The list of conjugated verbs in this book is not to be taken as a concordance of the attested verb forms of Old Irish. Many of the forms listed in the paradigms are not actually attested, but in each complete paradigm given, enough forms are attested that the others are easily deducible. In cases where a complete paradigm cannot be reconstructed I have listed only the attested or reconstructable forms. Normalized spellings of attested forms are given in roman type, while reconstructed forms are given in italics. The sample weak verbs are: marbaid (A I), labraithir (A I deponent), leicid (A II), and foilsigidir (A II deponent). In the sample weak verbs, the distinction between attested and reconstructed forms is not made.
The forms of the verbs are listed in the following order: Present Indicative (followed by the conjugation class according to Thurneysen's classification), Imperfect Indicative, Imperative (in the case of transitive compound verbs, the imperative with the neuter singular infixed pronoun is given in the left column), Present Subjunctive (followed by the name of the class: a or s), Past Subjunctive, Future (followed by the name of the class: f, reduplicated, e or s), Conditional, Preterite active (followed by the name of the class: s, t, reduplicated, a, i or suffixless) and Preterite passive.
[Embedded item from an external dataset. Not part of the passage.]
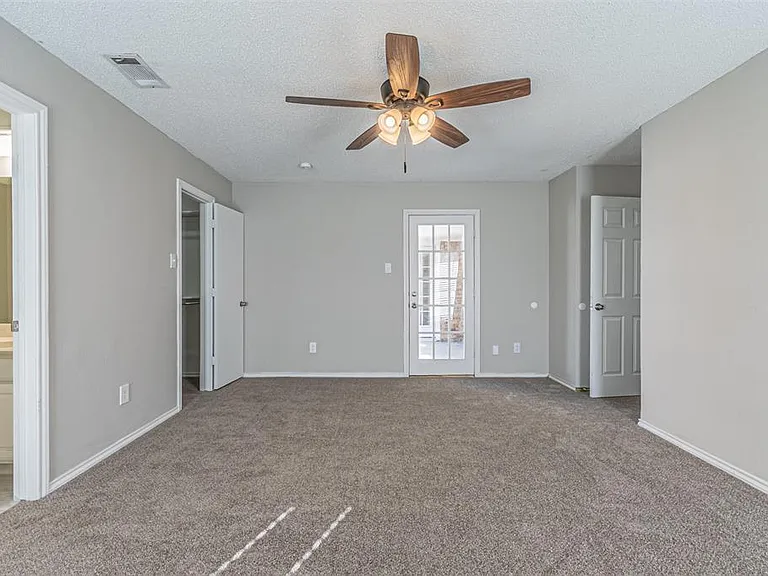 2801 Cambridgeshire Dr — Photo 26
In the case of verbs whose perfect tense is not formed by simply prefixing ro. to the preterite, the perfect is listed after the preterite. In some verbs, the present and past subjunctive are identical or nearly identical to either the present and imperfect indicative (e.g. marbaid) or the future and conditional (e.g. do.eirig). In these cases, the subjunctive has not been listed separately from the tenses it (nearly) coincides with. Each verb is headed by the third person singular present form and the verbal noun form. Most paradigms take up a full two-page spread, while some fit onto one page.
I have tried to include in the vocabulary section of this book every word in Quin and Strachan; other common words are included as well. Throughout the book, question marks indicate an incomplete historical record or disagreement among scholars of Old Irish.
Finally, I would like to thank my Old Irish teachers, Ruth P. M. Lehmann and Jay Jasanoff, for introducing me to one of the most fascinating languages I have ever encountered.
A.G., Ithaca, October 1995
Note: accents are not shown on this web page to allow for standardized display.